Now i am searching for my next investment book, most probably will get it this weekend.
Below are some key points i learnt from the book and i think it is better for me to list them down to remind myself:
(1) Warren Buffet teaches investors that the power of compounded interest is unmatched by any other factor in the production of wealth through investment. Compounding over a life-long investment program is your best strategy, bar none. The two determining factors of the ultimate result of compounding program are: (1) the annual average rate of gain and (2) time.
(2) Investing requires much of our energy & efforts into it, if we are not interested, unable, or unwilling to dedicate the time and efforts to our investments, we should buy index.
(3) Three type of Investment of Warren Buffet:
The principle of investing in company are investing largely focused on purchase securities at price less than the intrinsic value as determined by careful analysis, with particular emphasis on purchase of the securities less than their liquidating value.
An appraisal of a company can be derived of either the value of the company:  assets &  earnings power.

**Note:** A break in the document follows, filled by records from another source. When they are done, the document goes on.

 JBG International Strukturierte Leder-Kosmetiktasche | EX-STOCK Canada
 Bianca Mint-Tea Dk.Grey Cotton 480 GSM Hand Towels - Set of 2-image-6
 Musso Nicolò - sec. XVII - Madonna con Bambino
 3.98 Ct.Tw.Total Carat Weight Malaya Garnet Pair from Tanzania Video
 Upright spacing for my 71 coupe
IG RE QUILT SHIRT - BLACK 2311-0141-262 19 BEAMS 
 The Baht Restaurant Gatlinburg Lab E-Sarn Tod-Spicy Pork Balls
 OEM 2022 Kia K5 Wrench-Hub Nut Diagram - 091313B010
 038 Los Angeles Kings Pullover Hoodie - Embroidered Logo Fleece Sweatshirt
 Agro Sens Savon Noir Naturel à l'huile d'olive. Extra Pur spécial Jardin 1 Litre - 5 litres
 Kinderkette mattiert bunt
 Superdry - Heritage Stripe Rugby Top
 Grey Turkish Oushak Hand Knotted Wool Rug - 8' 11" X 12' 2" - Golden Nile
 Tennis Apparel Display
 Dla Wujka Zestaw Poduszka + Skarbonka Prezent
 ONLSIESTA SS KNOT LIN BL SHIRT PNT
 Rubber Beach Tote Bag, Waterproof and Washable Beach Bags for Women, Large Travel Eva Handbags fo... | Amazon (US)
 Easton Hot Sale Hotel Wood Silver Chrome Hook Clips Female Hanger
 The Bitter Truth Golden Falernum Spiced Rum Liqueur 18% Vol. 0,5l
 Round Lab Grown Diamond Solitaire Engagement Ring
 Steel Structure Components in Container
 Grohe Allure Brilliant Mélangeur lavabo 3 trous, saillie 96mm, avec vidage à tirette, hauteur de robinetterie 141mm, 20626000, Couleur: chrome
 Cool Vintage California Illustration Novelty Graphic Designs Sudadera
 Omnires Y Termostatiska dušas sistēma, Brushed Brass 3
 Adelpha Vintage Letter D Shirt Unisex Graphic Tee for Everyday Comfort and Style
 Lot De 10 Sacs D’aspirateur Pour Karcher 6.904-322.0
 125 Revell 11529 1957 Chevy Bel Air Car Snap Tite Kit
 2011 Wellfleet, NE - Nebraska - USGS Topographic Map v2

While principles never change, methods can be applied differently depending on given investing environment.
 The first method is investing with net-net and ultra-cheap stocks based on quantitative approach.
 The second method is investing in companies which are not statically cheap based on quantitative approach but has a tremendous amount of future earnings power.
 The third method is investing in companies which are able to provide high returns of earning, business which are great, enduring and sustainable business model that enables their earnings to be compounded over the years.
(3.3) Controls: Investment is more intelligent when it is most businesslike and business is most intelligent when it's more investment-like. Buying a stock is like buying a business which either discounted to its intrinsic value or earnings power. The continuing of buying part of the businesses through purchasing of the businesses stock at discounted price until we own a majority of the businesses then we become the majority of the shareholders (Controls).
(4) Investing in stock should be done with Conservatism and not Conventional.
Good results in investing come primarily from a properly calibrated balance of hubris and humility:
2. Humility enough to know the limit of our abilities and to be willing to change course when errors are recognized.
We will have to evaluate facts and circumstances, apply logic and reason to find hypothesis, and then act when the facts line up, irrespective of whether the crowd agrees or disagrees with our conclusions.
(5) Concentrating portfolio within our circle of competence can produce the best result.
Concentrating vs Diversification: Better to be roughly right than precisely wrong.
(6) If we can identify 6 wonderful businesses, that is all the diversification we need. And we will make a lot of money. Going into the 7th business instead of putting more money into the 1st business is going to be a terrible mistake.
(7) " I would rather sustain the penalties resulting from over-conservatism than face the consequences of error, perhaps with permanent capital loss, resulting from the adoption of a "New Era" philosophy where trees really do grow to the sky" - Warren Buffet on February, 1960.
(8) We should be looking for the management with 3 things: intelligence, energy, and integrity. Integrity is what counts first. If someone does not have integrity, we want them to be dumb and lazy.
(9) "So the really big money tends to be made by investors who are right on qualitative decisions but, at least in my opinion, the more sure money tends to be made on the obvious quantitative decision" Warren Buffet, 1967.